Shitting Where I Eat

Medium sucks but I love writing here

Mookie Spitz
4 min readJan 19, 2024

Medium started as an experiment in 2012, and more than a decade later continues to tweak itself. At the helm until recently has been the cofounder of Blogger and Twitter, Ev Williams, yet despite new CEO Tony Stubblebine, long-term viability of the platform seems sketchy.

Writing “weblogs” goes back to Barger’s Robot Wisdom of 1997. Merholz jokingly broke the term into “we blog,” only to have Williams himself use “blog” as a verb and a noun, birthing the name and accelerating the trend. From Open Diary to Tumblr to Medium, the format has come a long way.

Yet blogging’s major challenge is common to all online content since Tim Berners-Lee uploaded the first blog-like post in 1992, announcing the World Wide Web and its software: monetization. Hypertext was so odd, innovative, and out there, almost nobody anticipated the Web’s potential.

As a result, Internet users adopted attitudes and behaviors that in retrospect seem insane. Since hardly anyone took the potential for making the world’s information instantly accessible, editable, and sharable seriously, absolutely nobody was willing to pay for digital content.
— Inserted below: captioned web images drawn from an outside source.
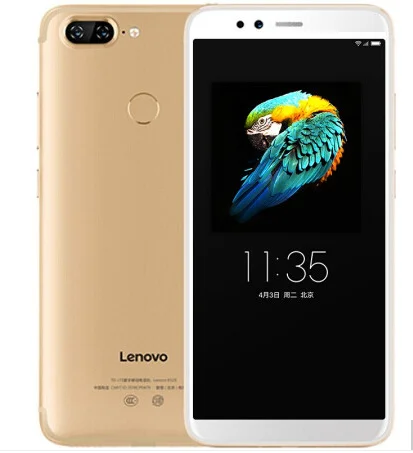 Global Version Gold Глобальная версия lenovo S5 4G ram 64G rom ZUI 4G LTE 5," QHD 18:9 мобильный телефон Snapdragon Octa-core Двойная Задняя камера отпечаток пальца - Цвет: Global Version Gold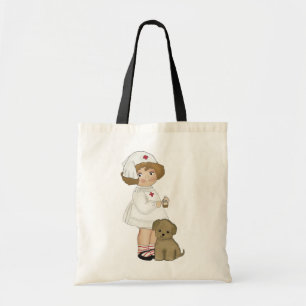 Tote Bag Infirmière vintage avec le T-shirts et les cadeau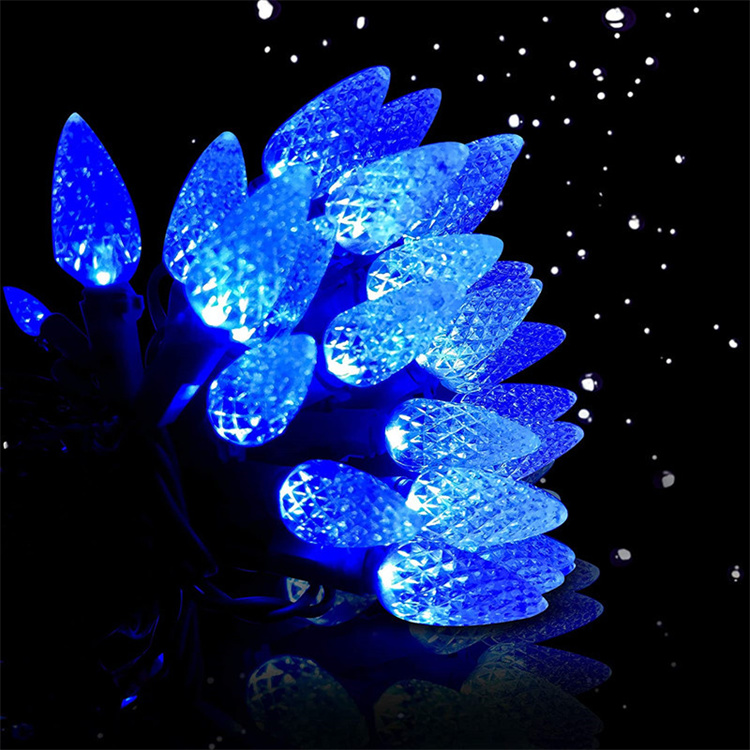 Christmas String Lights Waterproof 5m 50LEDs Bulb Fairy Lights 8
Building a simple website could cost you a fortune, since the expertise for doing so was rare, and the benefits for staking your digital claim were even then perceived as high — but content was de facto considered free, to the point copyrighted movies and porn were routinely bootlegged and shared.

The now obvious reality is the early Web set precedent for the evolving Web in ways that resulted in the systemic disruption, and often complete destruction, of entire industries. From journalism to broadcast TV, retail stores to taxis, free two-way synchronous data transmission changed it all.

Back to blogging, and my gripes with Medium: Plagued by consumers still not willing to pay for content, it teases out subscriptions through two programs: one that provides readers with unlimited access to exclusive content, and another that pays bloggers for that ostensibly great content.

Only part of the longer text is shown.